But something just wasn’t right. The hookworms in front of me were awfully big, much larger than the skinny strings that are the usual size for the beasts. Another concern was that the blood loss must have been considerable, so much that I doubt anyone could have walked away after ejecting the mass. As there was no body supine in the grass, then the poor soul must have been carted away by ambulance. If that had happened, though, then why would someone leave the worms alone instead of cleaning them up?
I ripped a branch from a nearby bush and stirred the loathsome stew, looking to see if any of the worms writhed at the woody touch. They were dead, lifeless, quiet. And then the smell drifted into my nose and I realized that the puzzling pile was not made from blood and hookworms, but onion rings and ketchup!

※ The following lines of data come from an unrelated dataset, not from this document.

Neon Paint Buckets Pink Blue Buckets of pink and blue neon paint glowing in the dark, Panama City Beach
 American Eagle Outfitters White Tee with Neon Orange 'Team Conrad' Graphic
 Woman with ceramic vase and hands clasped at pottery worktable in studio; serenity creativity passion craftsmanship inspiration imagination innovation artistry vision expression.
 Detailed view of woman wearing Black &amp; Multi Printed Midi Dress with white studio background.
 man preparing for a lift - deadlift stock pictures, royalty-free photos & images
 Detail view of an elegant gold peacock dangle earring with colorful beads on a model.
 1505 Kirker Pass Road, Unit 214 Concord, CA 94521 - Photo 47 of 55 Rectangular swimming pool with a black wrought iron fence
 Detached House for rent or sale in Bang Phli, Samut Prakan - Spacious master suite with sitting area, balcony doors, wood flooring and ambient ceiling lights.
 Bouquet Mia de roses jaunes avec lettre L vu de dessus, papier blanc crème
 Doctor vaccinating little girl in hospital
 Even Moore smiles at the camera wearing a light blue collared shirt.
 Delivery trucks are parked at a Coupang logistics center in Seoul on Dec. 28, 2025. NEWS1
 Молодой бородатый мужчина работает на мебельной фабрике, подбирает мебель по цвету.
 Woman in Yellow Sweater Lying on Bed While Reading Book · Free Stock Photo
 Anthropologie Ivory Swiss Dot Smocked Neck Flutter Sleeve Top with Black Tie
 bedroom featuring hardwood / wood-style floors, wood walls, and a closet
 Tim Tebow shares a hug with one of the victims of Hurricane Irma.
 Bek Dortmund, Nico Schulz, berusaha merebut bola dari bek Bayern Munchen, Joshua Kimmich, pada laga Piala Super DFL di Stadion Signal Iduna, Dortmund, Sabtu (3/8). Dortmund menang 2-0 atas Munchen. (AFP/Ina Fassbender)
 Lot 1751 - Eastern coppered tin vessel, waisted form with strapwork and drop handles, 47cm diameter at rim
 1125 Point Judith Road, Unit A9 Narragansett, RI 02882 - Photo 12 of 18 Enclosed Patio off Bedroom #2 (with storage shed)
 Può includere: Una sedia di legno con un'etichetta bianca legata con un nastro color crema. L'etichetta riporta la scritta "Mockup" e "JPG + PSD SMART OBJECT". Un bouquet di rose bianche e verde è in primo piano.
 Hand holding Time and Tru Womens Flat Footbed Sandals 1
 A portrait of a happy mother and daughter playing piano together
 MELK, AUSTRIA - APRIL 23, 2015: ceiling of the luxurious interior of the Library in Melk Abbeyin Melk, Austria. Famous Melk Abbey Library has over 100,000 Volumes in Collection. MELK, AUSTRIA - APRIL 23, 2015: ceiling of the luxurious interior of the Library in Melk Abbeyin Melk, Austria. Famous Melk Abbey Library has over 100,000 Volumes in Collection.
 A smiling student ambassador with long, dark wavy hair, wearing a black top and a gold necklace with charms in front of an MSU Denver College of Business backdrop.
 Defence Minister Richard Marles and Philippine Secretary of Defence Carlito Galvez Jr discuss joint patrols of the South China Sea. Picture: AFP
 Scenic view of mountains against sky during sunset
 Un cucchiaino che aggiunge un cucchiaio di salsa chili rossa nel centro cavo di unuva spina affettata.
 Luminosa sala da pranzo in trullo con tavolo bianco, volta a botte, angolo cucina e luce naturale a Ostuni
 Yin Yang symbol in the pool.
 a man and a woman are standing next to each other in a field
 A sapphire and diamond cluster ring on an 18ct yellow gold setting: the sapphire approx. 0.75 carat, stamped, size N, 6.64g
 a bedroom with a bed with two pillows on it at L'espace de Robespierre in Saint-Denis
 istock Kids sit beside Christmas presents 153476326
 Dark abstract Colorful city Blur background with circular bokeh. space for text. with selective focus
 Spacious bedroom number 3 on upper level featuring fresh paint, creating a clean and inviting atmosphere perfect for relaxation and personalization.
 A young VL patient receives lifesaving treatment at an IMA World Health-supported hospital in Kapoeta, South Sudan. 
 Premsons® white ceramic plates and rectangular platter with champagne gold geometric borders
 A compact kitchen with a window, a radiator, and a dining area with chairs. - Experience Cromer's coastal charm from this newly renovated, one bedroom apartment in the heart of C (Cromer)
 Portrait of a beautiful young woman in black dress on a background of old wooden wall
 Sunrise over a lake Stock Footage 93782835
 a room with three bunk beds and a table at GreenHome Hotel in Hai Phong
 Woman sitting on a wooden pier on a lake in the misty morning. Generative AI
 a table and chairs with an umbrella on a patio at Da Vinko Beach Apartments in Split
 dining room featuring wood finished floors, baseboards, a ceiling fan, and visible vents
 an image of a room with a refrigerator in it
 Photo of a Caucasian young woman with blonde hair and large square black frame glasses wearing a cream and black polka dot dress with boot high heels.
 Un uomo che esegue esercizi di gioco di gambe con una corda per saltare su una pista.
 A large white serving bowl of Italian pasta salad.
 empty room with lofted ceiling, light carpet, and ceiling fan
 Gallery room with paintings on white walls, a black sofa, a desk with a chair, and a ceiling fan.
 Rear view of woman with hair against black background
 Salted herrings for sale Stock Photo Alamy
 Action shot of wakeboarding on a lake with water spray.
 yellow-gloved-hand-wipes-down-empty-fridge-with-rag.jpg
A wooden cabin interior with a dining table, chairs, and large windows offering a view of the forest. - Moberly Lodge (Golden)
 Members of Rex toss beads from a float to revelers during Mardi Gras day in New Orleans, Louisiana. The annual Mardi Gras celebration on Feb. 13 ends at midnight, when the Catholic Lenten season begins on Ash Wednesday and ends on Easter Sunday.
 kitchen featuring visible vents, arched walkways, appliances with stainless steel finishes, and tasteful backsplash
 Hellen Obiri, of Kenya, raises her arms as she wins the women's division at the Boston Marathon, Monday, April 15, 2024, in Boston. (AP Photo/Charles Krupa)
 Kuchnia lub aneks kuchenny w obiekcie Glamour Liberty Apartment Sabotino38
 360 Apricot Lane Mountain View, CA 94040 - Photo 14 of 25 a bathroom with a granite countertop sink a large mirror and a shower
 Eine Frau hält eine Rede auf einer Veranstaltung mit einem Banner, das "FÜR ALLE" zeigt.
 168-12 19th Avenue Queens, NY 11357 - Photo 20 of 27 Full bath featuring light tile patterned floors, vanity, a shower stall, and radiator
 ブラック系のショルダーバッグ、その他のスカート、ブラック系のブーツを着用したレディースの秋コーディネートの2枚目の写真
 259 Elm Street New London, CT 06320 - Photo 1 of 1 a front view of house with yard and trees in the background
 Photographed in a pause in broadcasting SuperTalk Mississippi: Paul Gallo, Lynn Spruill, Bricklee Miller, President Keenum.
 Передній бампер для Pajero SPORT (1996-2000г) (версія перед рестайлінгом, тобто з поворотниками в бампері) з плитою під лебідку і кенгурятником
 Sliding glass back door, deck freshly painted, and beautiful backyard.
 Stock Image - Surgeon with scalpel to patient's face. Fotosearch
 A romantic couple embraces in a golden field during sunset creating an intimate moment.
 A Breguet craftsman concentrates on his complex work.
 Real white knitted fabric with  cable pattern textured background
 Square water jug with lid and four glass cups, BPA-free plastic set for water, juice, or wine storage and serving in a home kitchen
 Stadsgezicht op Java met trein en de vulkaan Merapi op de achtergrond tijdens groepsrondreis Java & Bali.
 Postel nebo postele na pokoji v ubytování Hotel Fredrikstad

Someone had stuffed themselves to bursting with the deep fried delicacy, only to sick it up a few yards from my front door. I had not actually detected the odor of the food, but instead was hit full bore in the face with the cloyingly sweet scent of the liter or so of fortified wine they had used to wash it all down.
How was the smell recognized if I don’t imbibe myself? I had to deal with drunks aplenty when working for the police. The odor of bumwine that has come back up is extremely familiar.
I slung the stick back towards the parent bush, and hurried inside to leash up the dogs for their walk. They reacted as I expected when walking past the frothy and alcohol infused mass. “Onion rings, and all for me!”
I kept a tight rein, though, and did not let them feast. Besides the fact that their breath would have smelled even worse, they also could have become drunk from the leftover booze. And who would want to deal with a pit bull suffering from a hangover?
This, dear readers, is yet another chapter in my glamorous and thrilling life!
Ah the glamour, excitement, papparazzi and the groupies!
It’s a good story anyway James!
Funny how our perceptions are coloured by our perceptions . . .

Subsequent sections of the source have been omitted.